For them higher interest rates increase their income, through bonds and interest-bearing deposits owned directly or through their funds. Or the increased rates are tax-deductible on investment houses and can be passed on through higher rent.
In this environment, about a third of the economy is unaffected by or benefits from higher rates – and therefore spend more and add to inflation. They spend more because they are used to privilege and having it good.
The other two-thirds are already squeezed to having virtually no discretionary spending left – one sausage with the mash instead two, perhaps.
The former group balances out the latter. Worse, on the fiscal or budgetary side the Government is headed for deficits which also add to inflation.
In short, the interest-rate tool is not up to the task given to central banks in most democratic market-based economies – to keep inflation and unemployment down while ironing out the boom-bust cycles which have haunted market economies since the industrial revolution.
Central banks got that task and the independence that went with it because politicians could not trust themselves not to misuse the interest-rate tool to help themselves get elected rather than to manage the economy.
We naively believed that if we handed over one of the key levers of economic policy to a central bank we would sail smoothly.
Now to add to this baby-boomer glitch comes some research that suggests that not only are central banks incapable of smoothing out the booms-and-bust curve, but they actually make it worse.
Four European economists argue that central banks themselves cause “boom-bust dynamics” and financial crises by holding rates too low for too long, then lifting rates too far and too fast.
Their paper, Monetary Policy, Inflation and Crises: Evidence from History, trawls through 150 years of data from 17 developed countries. They conclude that central banks add to the boom-bust cycle and, worse, expose economies to financial crises – the very thing they were supposed to avoid.

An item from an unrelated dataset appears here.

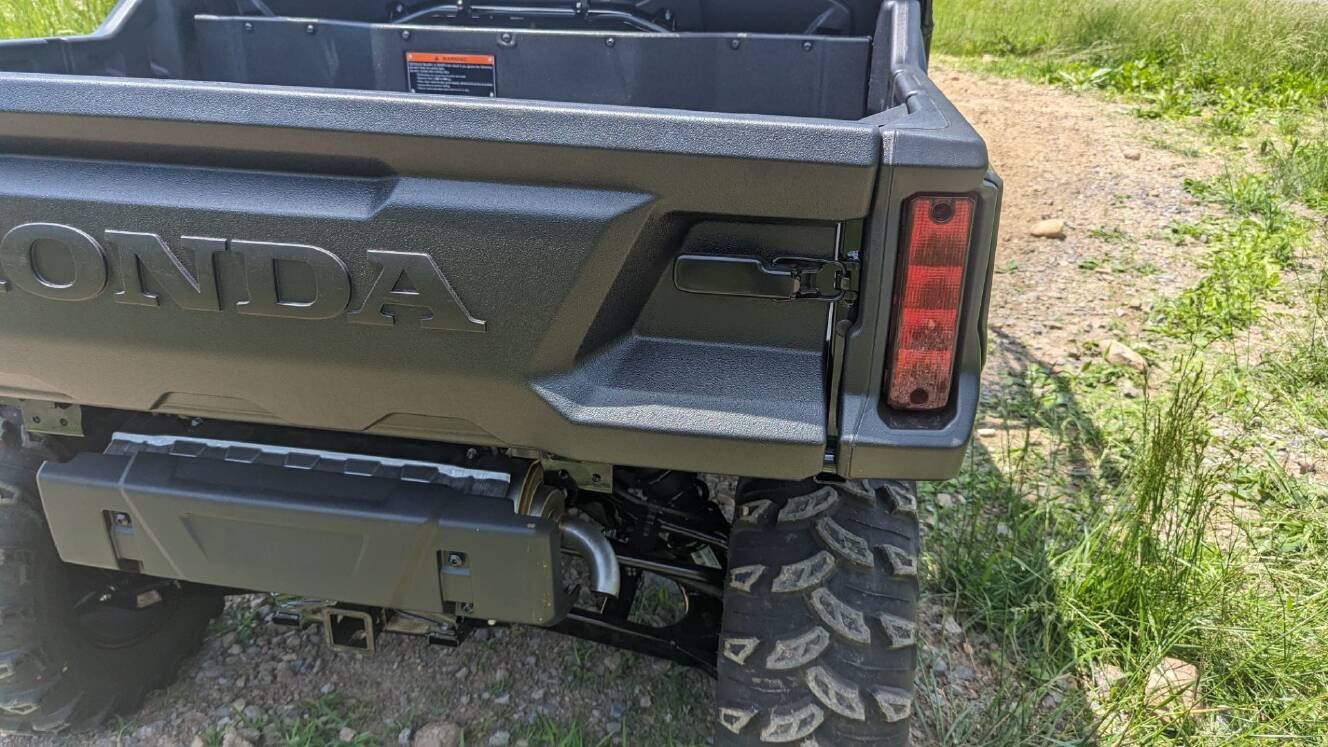A photo of this 2025 Honda Pioneer 1000-6 Deluxe Crew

They say, “Central banks have been raising interest rates to fight inflation just after a period when rates were first cut and then kept low. But these rate hikes substantially increase crisis risk, if rates were previously cut. Rate cuts lead to booms in credit and asset prices, and subsequent rate increases expose these financial vulnerabilities, potentially triggering a crisis.”
Sound familiar? Remember the “recession we had to have”? Remember former Reserve Bank Governor Philip Lowe telling us that interest rates would not rise until at least 2024 and the subsequent astronomic rise in housing prices?

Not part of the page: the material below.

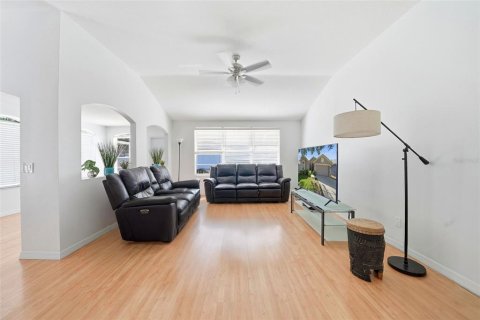 Casa en venta en Brandon, Florida, 3 dormitorios, 173.91 m2 № 2112936 - foto 10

Objectively, the subsequent 13 interest-rate rises in 2023 appear to be specifically aimed at driving Australia into a recession. But I don’t think the Reserve is malicious – just oblivious to other forces at work.
Perhaps the only thing “saving” the Australian economy now is high immigration – but at vast cost to the Australian environment, lifestyle, and amenity of the existing population. Trashing the continent is a poor trade for some good economic figures.

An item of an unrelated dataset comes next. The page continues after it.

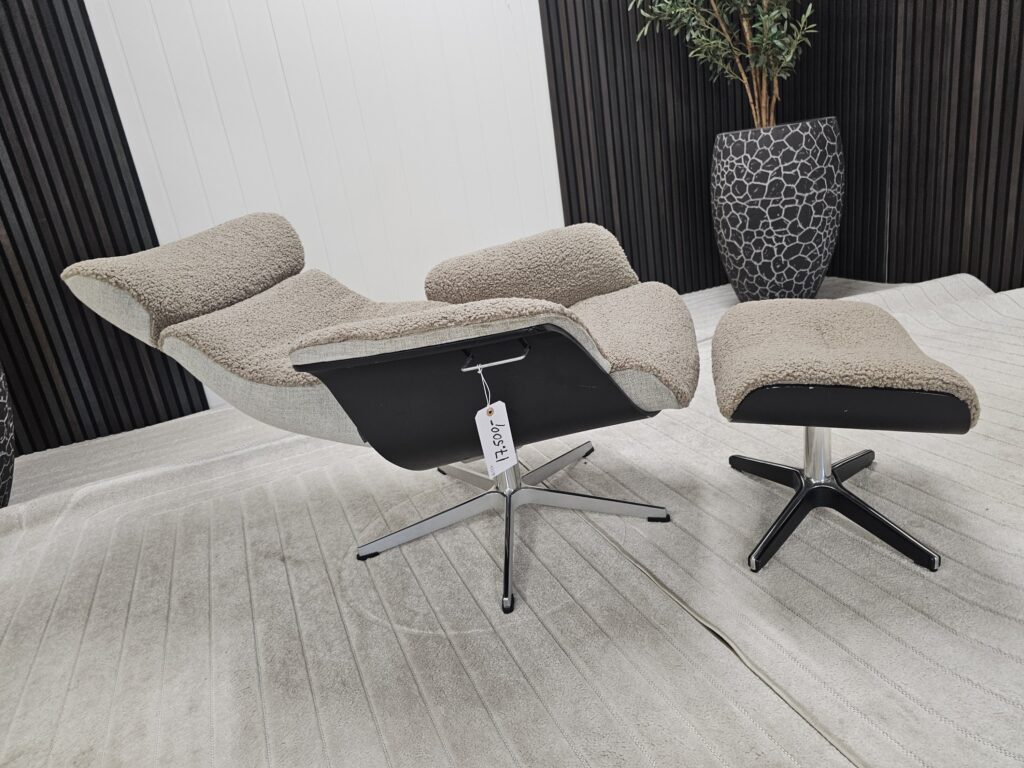 Conform Timeout lenestol med krakk – Sahara fåreskinn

So where to from here? First fiscal policy (Government Budgets) must be used more responsibly and less politically. The inflationary and unfair Stage 3 tax cuts should go.
The great start on the clampdown on corporate tax-dodging should be ramped up further. And the investment concessions mainly used by Boomers should be tweaked away – not like Chris (“They Can Vote for Someone Else”) Bowen before the 2019 election
And on interest rates we should think outside the square. If the aim is to dampen demand to avoid recession or boost it to avoid a bust, why not use a very direct tool that stares us in the face. We should have a variable GST rate. It would be as effective as a variable speed limit. Every month the Reserve would set the GST rate, rather than the interest rate.
Or the Reserve could have two interest rates: what you pay and what you get. Facing high inflation, the first goes up but the second does not. Facing a bust the first goes down and the second either goes up or stays flat.
In any evet, surely, we can do better than continuing to use last century’s tool kit.
Crispin Hull
This article first appeared in The Canberra Times and other Australian media on 14 November 2023.
A variable GST would be fairly complex to administer, but possible if transitions were limited to the start of BAS reporting periods (not monthly) and equitable enough as long as rent and basic foodstuffs are kept GST-free. Even more equitable would be varying the income tax rates for anything above median income. But we’re about to do the exact opposite: give the rich a massive tax cut that will further fuel inflation, so the RBA will take more money off the people with no disposable income left (and give it to the shareholders of the big banks, the same people who are getting the tax reduction).
An analysis of the fiscal budget payments to GDP and the CPI, supports a theory that the inflation rate is influenced by government spending with a 1year delay effect. Starting from 2017-18 payments were 24.63% of GDP and in 2018-19 CPI 1.6% and payments 24.57%; 2019-20 payments 27.75% CPI -0.3%; 2020-21 payments 31.48% CPI 3.8%; 2021-22 payments 26.65% CPI 6.1%; 2022-23 payments 24.79% CPI 6.0%; In the June 23 quarter CPI 0.8% Sept 23 qtr 1.2% (annualised average 4.0%). Quarterly inflation peaked at 2.1% in Mar 22. Conclusion: the Morrison government JOBKEEPER cash splash to employers had an inflationary effect that we are coming off now with lower spending to GDP. Other world economies also splashed cash.
Michele’s picayune interest-rate tweaks are a feeble anachronism, as compared with the inflationary momentum inside “Dr” Jim’s all-time immigration-rates deluge. Which is four to five times higher, than any kind of sanity, as regards electors or the environment. A key reason for over-promoting this RBA lifer, is that she’ll scarcely miaow, anything of the kind.